Bottomline: You don’t have to work where you feel harassed no matter what your industry.  If you don’t like something, go to HR and try to change it.  If it falls on deaf ears, consider getting the advice of an employment attorney.  If you’d prefer to just move, do so and take your skills, talents and contribution elsewhere because companies do exist that will value you man or woman.  Listen to my podcast about Conscious Capitalism to learn about them.

Work Life Balance

The conversation also highlighted that women often avoid certain careers out of fear that they can’t do the job and have a family. Case in point, Perri mentioned that lots of women graduate from law school but very few are judges.
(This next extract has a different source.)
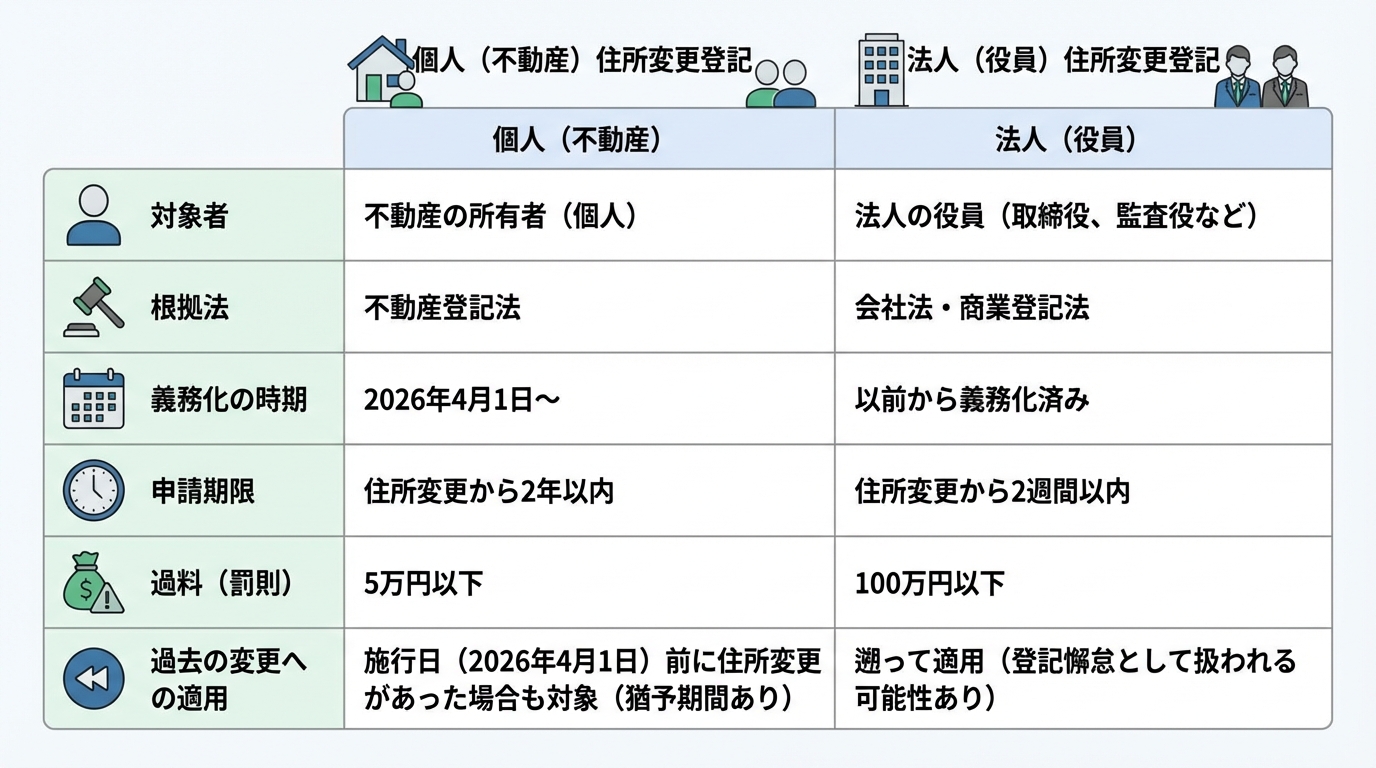 相続財産調査の対象となる財産の種類をまとめた図解。不動産、預貯金、有価証券、自動車、借入金などがアイコンと共に示されている。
Is leaving the only choice to have work and a family?  As described on her Amazon author’s page, Maureen “retired as a managing director after twelve years. She used her extra time to ply her four young children with fantastic stories on a more regular basis and became adept at all things action-figured, sugary, mysterious and pink.”  My husband and I run our own businesses so we can both continue our careers while raising our son.  It’s not always easy to manage our time and schedules but we love being the boss.

Even in corporate, my experience is that you get more control as you move up the ladder, not less.  To be the boss means that you have people to delegate to and you decide when and how work gets done.  Being the boss is not to be avoided if you want work life fit.  I learned that valuable lesson from Bonnie Fuller and her book The Joys of Much Too Much.  If you really want to be a judge but settle for another path because you think it will bring you better balance, think again.  Doing the job you enjoy is the path to having the work and the life you want.

Gender in Workplace

A caller asked if the old adage holds true: “Women work hard.  Men work smart.”  Maureen has seen that people whether men or women have different styles of working and being effective.  From my perspective, I have seen men do a better job of focusing on relationships and talking about the work they’re getting done while women tend to feel that getting the work done well is enough.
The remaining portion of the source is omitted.